◆ **What to produce**
Below are the records. Retype exactly the lines between the lines holding "Бензоколонка Ford mechanisch, 98632, Lucky" and "Endkappe für KS 35, Kunststoff weiß Endkappe", inclusive.

◆ **Recorded information**
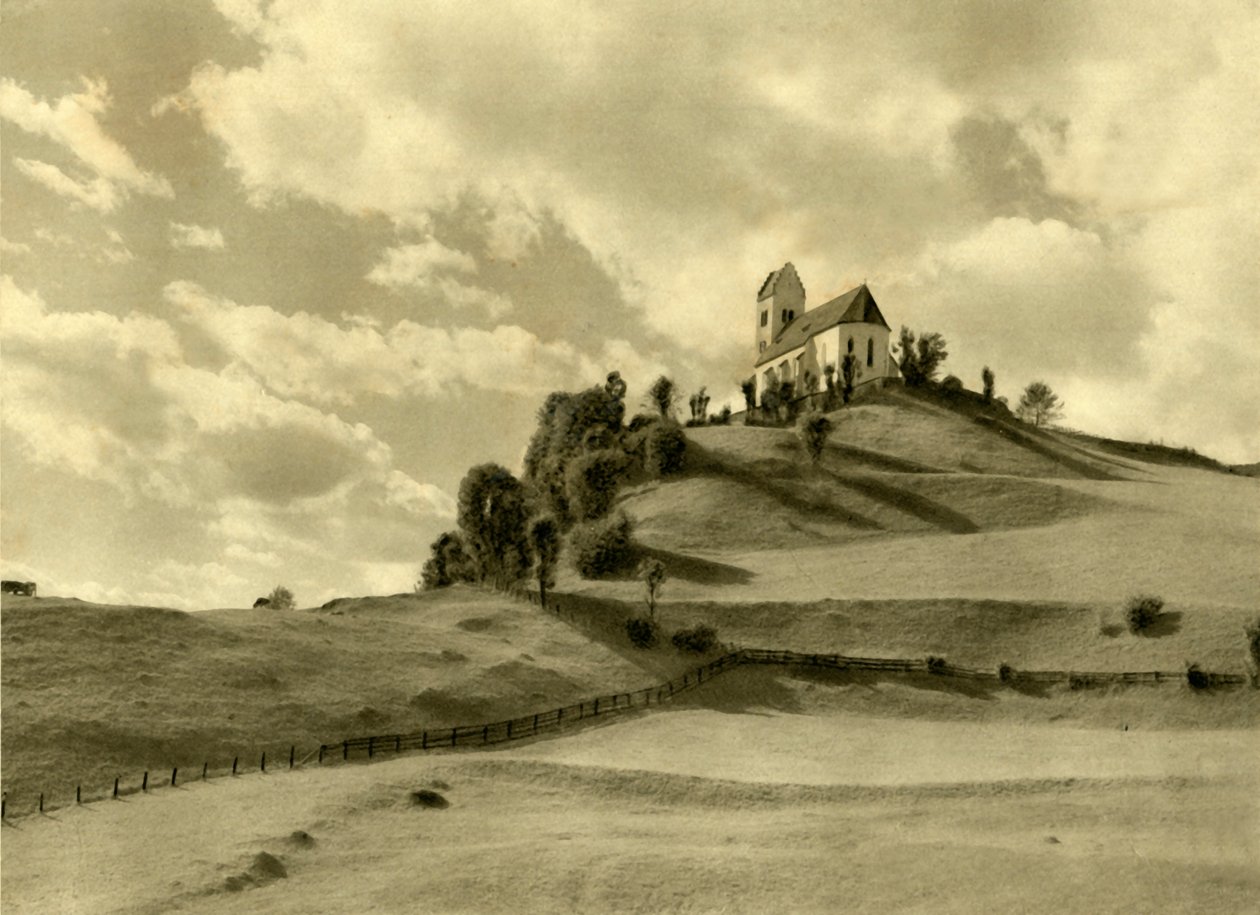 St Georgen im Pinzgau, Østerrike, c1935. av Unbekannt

--

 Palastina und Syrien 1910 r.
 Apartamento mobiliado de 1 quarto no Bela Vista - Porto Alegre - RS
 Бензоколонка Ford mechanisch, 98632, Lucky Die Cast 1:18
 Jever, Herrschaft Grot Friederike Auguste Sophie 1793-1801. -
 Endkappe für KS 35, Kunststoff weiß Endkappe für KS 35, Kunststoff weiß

◆ **Result of the task**
 Бензоколонка Ford mechanisch, 98632, Lucky Die Cast 1:18
 Jever, Herrschaft Grot Friederike Auguste Sophie 1793-1801. -
 Endkappe für KS 35, Kunststoff weiß Endkappe für KS 35, Kunststoff weiß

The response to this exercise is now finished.